Translation function


Snippet 3

               
    po = polib.pofile(input_path)
    entries_to_translate = []
    indexes_to_translate = []

    # Identify which entries need translation (non-English)
    for idx, entry in enumerate(po):
        if entry.msgstr and entry.msgstr != entry.msgid:
            if not is_english(entry.msgstr):
                entries_to_translate.append(entry)
                indexes_to_translate.append(idx)

    if not entries_to_translate:
        print(f"No strings to translate in {input_path}")
        po.save(output_path)
        return

    translations = []
    for i in tqdm(range(0, len(entries_to_translate), BATCH_SIZE),
                  desc=f"Translating '{os.path.basename(input_path)}' (batches of {BATCH_SIZE})"):
        batch = [entry.msgstr for entry in entries_to_translate[i:i+BATCH_SIZE]]
        batch_translations = translate_batch(batch, client)
        translations.extend(batch_translations)
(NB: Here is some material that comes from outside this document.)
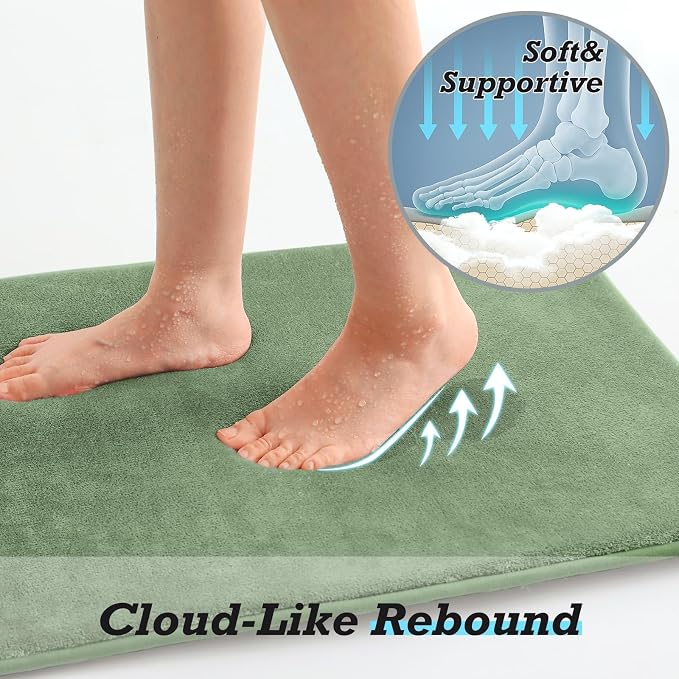 HUXMEYSON Bathroom Rugs Sets 2 Piece, Non-Slip & Quick Dry Bath Mat Set, Ultra Soft Velvet Bath Rugs for Bathroom, Toilet and Shower Floor, Grey Green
    # Assign translations back only to entries that were translated
    for idx, translated in zip(indexes_to_translate, translations):
        if translated:
            po[idx].msgstr = translated

    po.save(output_path)
    print(f"βœ… Saved: {output_path}")
Seperating languages

Full code of the script can be found on my github

Screenshots

Script running preview

Mixed and fully done translation

Script running preview

Translation in game

Script running preview

Translation in game 2

Project Repositories

Conclusion

The MirTankov localization project has been one of my most technically rewarding and practically impactful solo works.
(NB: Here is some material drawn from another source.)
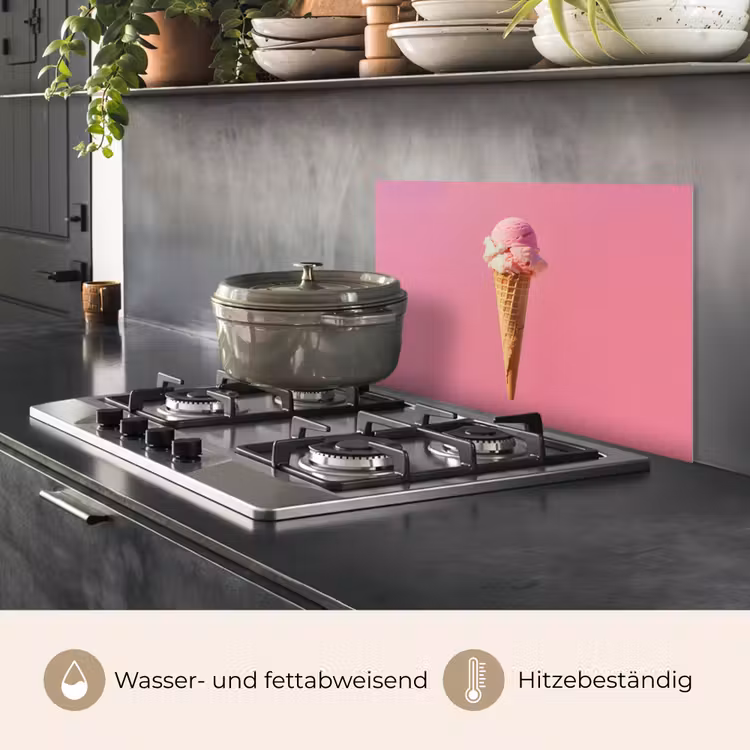 Hoorntje - Schepijs - Roze keuken achterwand spatscherm klein -usp_DE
The project pushed me to combine scripting, automation, and AI in a meaningful way that directly improved the usability of a game for non-Russian speakers. By automating .po files and translating hundreds of thousands of characters with GPT, I managed to cut what would normally be weeks of manual work into under two hours of processing.
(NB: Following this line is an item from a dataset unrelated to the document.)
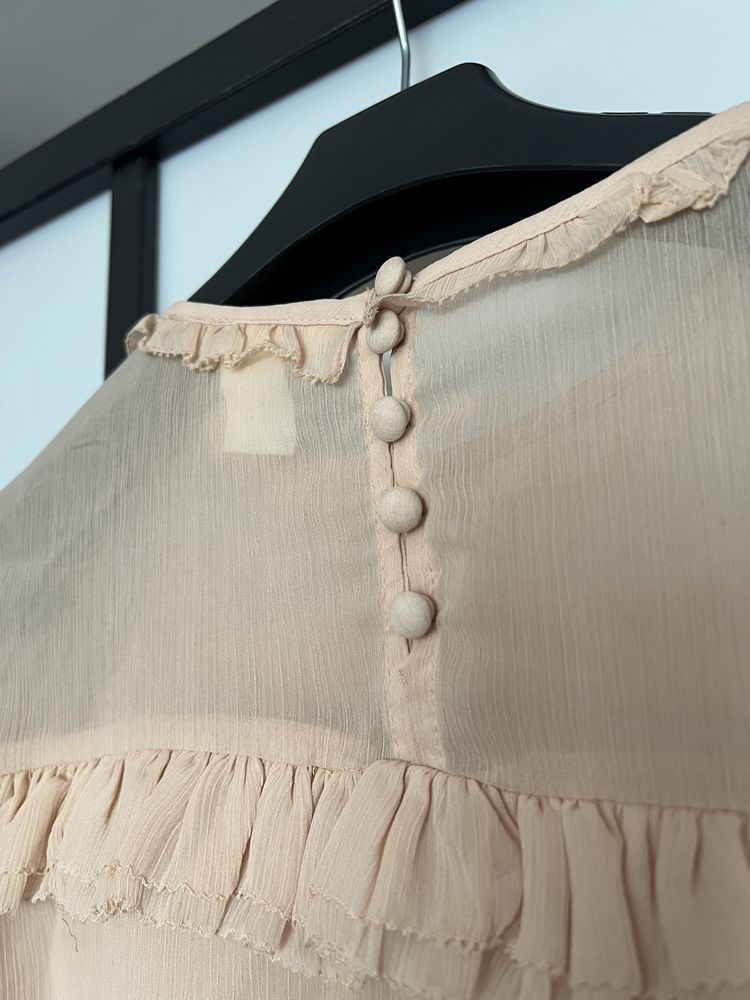 Bluzka H&M 38 falbanki mgiełka nude romantyczna retro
This project deepened my Python skills and working on files' read and write operationsd. It also taught me how to work with sensitive formatting and placeholder handling while maintaining accuracy across languages. Contributing to a public GitHub repo with other community members gave it an open-source spirit that I’m proud to be part of. Overall, it reinforced my passion for building tools that will help others in the future if they want to translate something to different language.